1. This is a Christian and Protestant nation in the sense stated in
virtue of a universal and necessary law. If you plant an acorn, you
get an oak. If you plant a cedar, you get a cedar. If a country be
settled by Pagans or Mohammedans, it develops into a Pagan or
Mohammedan community. By the same law if a country be taken possession
of and settled by Protestant Christians, the nation which they come to
constitute must be Protestat and Christian. This country was settled
by Protestants. For the first hundred years of our history they
constituted almost the only element of our population. As a matter of
coarse they were governed by their religion as individuals, in their
families, and in all their associations for business, and for
municipal, state, and national government.
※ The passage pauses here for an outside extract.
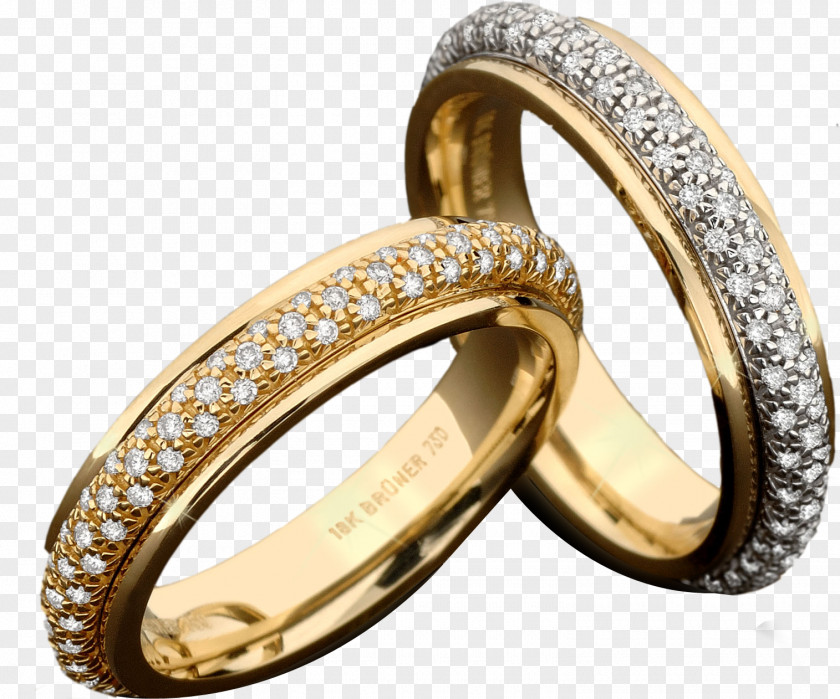 Semi Jewellery Wedding Ring Bracelet Gold PNG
This was just as much a
matter of necessity as that they should act morally in all these
different relations.

2. It is a historical fact that Protestant Christianity is the law of
the land, and has been from the beginning. As the great majority of
the early settlers of the country were from Great Britain, they
declared that the common law of England should be the law here. But
Christianity is the basis of the common law of England, and is
therefore of the law of this country; and so our courts have
repeatedly decided. It is so not merely because of such decisions.
Courts cannot reverse facts. Protestant Christianity has been, is, and
must be the law of the land, Whatever Protestant Christianity forbids,
the law of the land (within its sphere, i.e., within the sphere in
which civil authority may appropriately act) forbids. Christianity
forbids polygamy and arbitrary divorce, so does the civil law.
Romanism forbids divorce even on the ground of adultery; Protestantism
admits it on that ground. The laws of all the states conform in this
matter to the Protestant rule."

Finally, as already pointed out, Allison's page relies heavily on Paul
Rahe to prove that Madison was not orthodox.
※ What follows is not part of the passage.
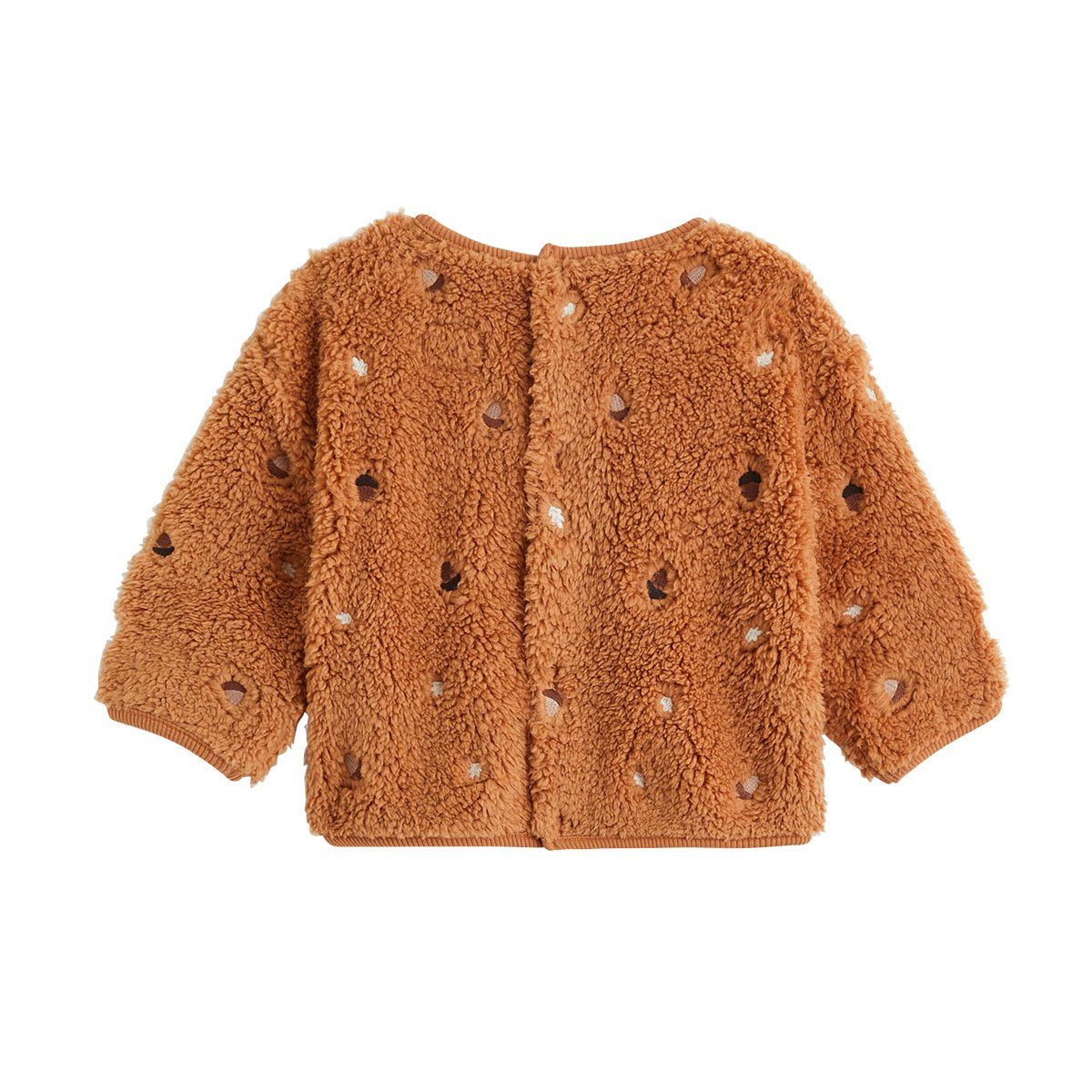 Sweat-shirt bébé en sherpa Caramel marron, PETIT BEGUIN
Rahe's expertise is in the area of the history of the Ancient Near
East, Greece, and ancient Rome. His focus is the overlap between
classical republics and the U.S. His book, which Allison relies upon,
is REPUBLICS ANCIENT AND MODERN.

Ketcham, on the other hand, is probably the most respected living
scholar and  biographer of JAMES MADISON. His Doctoral Dissertation,
written at Syracuse, was titled "THE MIND OF JAMES MADISON."
Subsequently he has written a biography, several other books directly
focusing on Madison, and articles regarding the religious views of
James Madison.

Needless to say, Ketcham buried himself in Madison's life in a way
that Rahe only scratched the surface.

Rahe hasn't come close to that kind of intense research on Madison.

In short, Ketcham is in a much better position to assess the mind of
James Madison than Paul Rahe.

Finally, Allison's silly cite from the ACLU darling Semonche, that
only 10% of the revolutionary generation were church members, is
absolutely ridiculous.

Bonomi, whose expertise is in this area far more than Semonche, says
that 69% of the white population attended church regularly in 1765 and
59% in 1780 (not at all surprising a drop given the turmoil of the
war).  On average, over the 18th century this percentage of the
churched population ranged from 80% of whites in New England to 56% in
the Chesapeake.

Another expert on the topic at hand, Professor Stephen Marini
(Religious History Ph.D., Harvard
http://www.wellesley.edu/PublicAffairs/Profile/mr/smarini.html)

writes:

"Churches [in America]... continued to be remarkably robust on the eve
of the American Revolution, contrary to the persistent notion that
religion in eighteenth century America was progressively declining...
In 1776 BETWEEN 71 AND 77 PER CENT OF AMERICANS may have filled the
pews on Sunday... It is more accurate to characterize the years from
1775 and 1790 as a Revolutionary revival."

Source: Stephen A. Marini, "Religion, Politics, and Ratification," in
Religion in a Revolutionary Age, Hoffman and Albert, eds.
(Charlottesville: University of Virginia Press, 1994), 188-193.

In short, these scholars blow Semonche's 10% claim out of the water.

Again, I repeat: Allison's site regarding "Orthodoxy and the Founders"
is riddled with reckless scholarship. Use at your own risk.